Likewise putting a rain gauge in a pit or behind a shield. The outdoor area is used for sitting in and kids playing. Anything at ground level is likely to be hit by footballs or played with by inquisitive fingers.

I’m looking on the station to provide me with some more interesting weather than I’d normally see from my home suburban garden and I’m not trying to provide meteorological standard data to feed into global forecasting models.

Well understood & completely agreed:
previous message only intended as a technical response,
with bottom line exactly hinting to the ‘limitations’ of an improving realization.

@administrator : I hope I was not misunderstood - I strongly support such stations that are exposed to tougher climate and weather patterns. Years ago I purchased the Weatherflow station to put it on a hill where it was exposed to strong winds and lower temperatures. The station showed to be non reliable: I didn’t mind the rain measurement error (it was fitted on a 6-7 metre pole) but was more bothered by erratic wind speed and direction measurement. And these were not correlated with rain or rain drops but solely to (high) wind speed. Concretely speaking, at winds above 70 or 80 km/h and full sunshine, the wind direction flipped by 90° or 180° instantly, at the same time reported wind speed increased by a factor (e.g. 1.25, 1.5 or even 2). After some time (minutes, hours) it came back to normal.
I hope the Ecowitt did it better with their design as I was also looking at the Wittboy :slight_smile:
Congratulations with setting up the station, I was already looking for it in the Ecowitt map but could not locate it. Looking forward to interesting data!

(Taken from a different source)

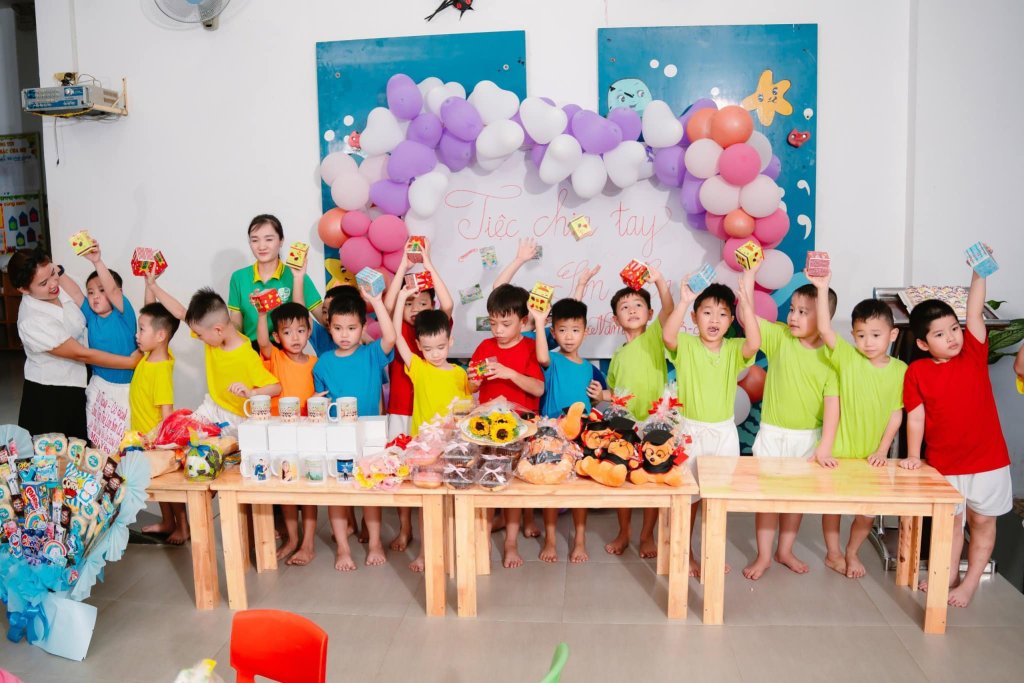 Le chia tay cac be lop La nam 2023 5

The hilltop station is on the Ecowitt map…if you can find Leek and then look North-East you’ll find the Mermaid station. I know it sounds weird having a Mermaid on top of a hill 50km from the sea but there’s a valid reason for the name!

No misunderstanding…just reasonable discussion on valid topics!

It highlights a problem that many of us have about how well our stations perform. Most of us don’t have perfectly sited station components and there’s no way to know how much or how little effect the less than perfect siting makes in reality.

My home anemometer should really be higher but within the local regulations it’s as high as I can have it in a suburban environment. My only good comparison is the local airport, but that’s 5km away. It’s also much closer to the sea where the prevailing winds come from and also not surrounded by lots of buildings and trees that are likely to cause eddies and other ground effects.

My readings are typically lower than the airport, but it’s difficult to know how much real difference it makes. I work on the assumption that better reflects the conditions that I’m experiencing. An anemometer should ideally be at 10m in the clear. Mine is just above the peak of the roof at 8m but I’m sure the roof will affect the wind flow past it. However, when we hear of 140kph winds, that’s at 10m in a clear/exposed location. If I only record 120kph at the same time then that’s probably really what’s hitting my house.

Of course stations that have operational issues that prevent them from providing the best results, e.g. wind direction flipping, don’t help at all. I do sometimes wonder if that’s partly our fault though…too many want as close to real time data as possible with updates every second or two. It looks cool, but I think it sometimes hides the real data. If you stand in an open field you’ll rarely find the wind blowing past you as a constant speed from a constant direction. It varies second by second, so if you’re trying to display the data second by second you get a constantly varying result which makes it less easy to see the underlying speed and direction.